Timeless Truths Free Online Library | books, sheet music, midi, and more
Skip over navigation
Story

Lucy and Her Little Sunbeam

A. S. K.

Lucy sat, one afternoon, watching her sick mother. The room was very still and dark. The shutters were closed, and the curtains half-drawn; for sick people, you know, cannot bear the strong light.
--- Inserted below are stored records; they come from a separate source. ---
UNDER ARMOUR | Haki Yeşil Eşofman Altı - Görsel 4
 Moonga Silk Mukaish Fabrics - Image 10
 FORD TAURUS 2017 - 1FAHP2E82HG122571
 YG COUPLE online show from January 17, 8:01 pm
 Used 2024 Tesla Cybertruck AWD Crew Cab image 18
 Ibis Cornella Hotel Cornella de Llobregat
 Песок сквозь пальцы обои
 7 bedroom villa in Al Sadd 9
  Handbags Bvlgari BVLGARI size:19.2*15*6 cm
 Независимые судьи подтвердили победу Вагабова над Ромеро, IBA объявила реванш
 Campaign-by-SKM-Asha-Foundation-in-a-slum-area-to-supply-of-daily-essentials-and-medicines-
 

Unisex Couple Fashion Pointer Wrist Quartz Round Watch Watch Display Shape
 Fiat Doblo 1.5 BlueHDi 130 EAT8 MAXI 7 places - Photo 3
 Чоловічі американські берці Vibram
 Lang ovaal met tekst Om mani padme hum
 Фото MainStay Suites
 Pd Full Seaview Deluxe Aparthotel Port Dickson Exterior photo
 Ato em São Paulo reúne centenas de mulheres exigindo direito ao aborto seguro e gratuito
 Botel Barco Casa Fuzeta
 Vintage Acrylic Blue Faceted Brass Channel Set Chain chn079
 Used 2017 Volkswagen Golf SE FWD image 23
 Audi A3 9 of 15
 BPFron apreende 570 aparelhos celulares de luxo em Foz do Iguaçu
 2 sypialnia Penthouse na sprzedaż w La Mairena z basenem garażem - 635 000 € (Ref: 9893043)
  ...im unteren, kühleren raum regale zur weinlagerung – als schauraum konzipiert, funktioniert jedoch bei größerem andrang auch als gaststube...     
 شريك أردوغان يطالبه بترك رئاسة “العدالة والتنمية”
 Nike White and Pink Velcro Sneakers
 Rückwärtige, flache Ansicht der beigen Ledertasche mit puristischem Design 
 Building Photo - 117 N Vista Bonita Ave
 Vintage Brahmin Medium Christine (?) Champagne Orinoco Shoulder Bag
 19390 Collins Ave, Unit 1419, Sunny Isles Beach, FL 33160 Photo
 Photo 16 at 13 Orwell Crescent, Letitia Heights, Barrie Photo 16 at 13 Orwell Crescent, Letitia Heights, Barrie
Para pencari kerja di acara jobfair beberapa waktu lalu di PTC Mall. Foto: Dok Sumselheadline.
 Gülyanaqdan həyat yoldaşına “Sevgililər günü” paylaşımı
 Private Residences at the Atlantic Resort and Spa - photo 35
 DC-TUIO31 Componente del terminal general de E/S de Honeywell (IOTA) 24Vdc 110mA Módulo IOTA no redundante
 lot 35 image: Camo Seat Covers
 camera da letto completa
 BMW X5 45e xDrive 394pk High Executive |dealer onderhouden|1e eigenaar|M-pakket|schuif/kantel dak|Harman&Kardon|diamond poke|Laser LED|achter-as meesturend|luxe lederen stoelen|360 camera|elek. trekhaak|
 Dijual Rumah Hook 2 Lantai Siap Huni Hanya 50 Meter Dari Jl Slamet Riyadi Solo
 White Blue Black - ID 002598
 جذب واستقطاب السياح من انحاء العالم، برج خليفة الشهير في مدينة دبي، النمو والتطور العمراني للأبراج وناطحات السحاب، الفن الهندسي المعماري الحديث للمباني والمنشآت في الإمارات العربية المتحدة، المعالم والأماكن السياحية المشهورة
The poor child was very tired and weary, and her little face, that was generally so bright, looked now as though it were in a long shadow. She had been reading aloud for more than an hour to her mother, until at last her head began to be quite tired, and her eyes very heavy. She was sitting in her low chair, by the bedside, and as she watched the long shadows on the floor, some sad thoughts came into her head. “How I wish that poor, dear mother was well again, as she used to be,” thought Lucy. “It seems so long since she was able to go out of doors, or even to sit by the window in the sunshine! I do wonder if it will always be just so! I’m sure it must be very tiresome here for her. And then—oh, dear! I am not half so good and patient as I ought to be; I get cross so often, and I’m afraid I am not a bit of a comfort to Mother, though I am her only little girl!”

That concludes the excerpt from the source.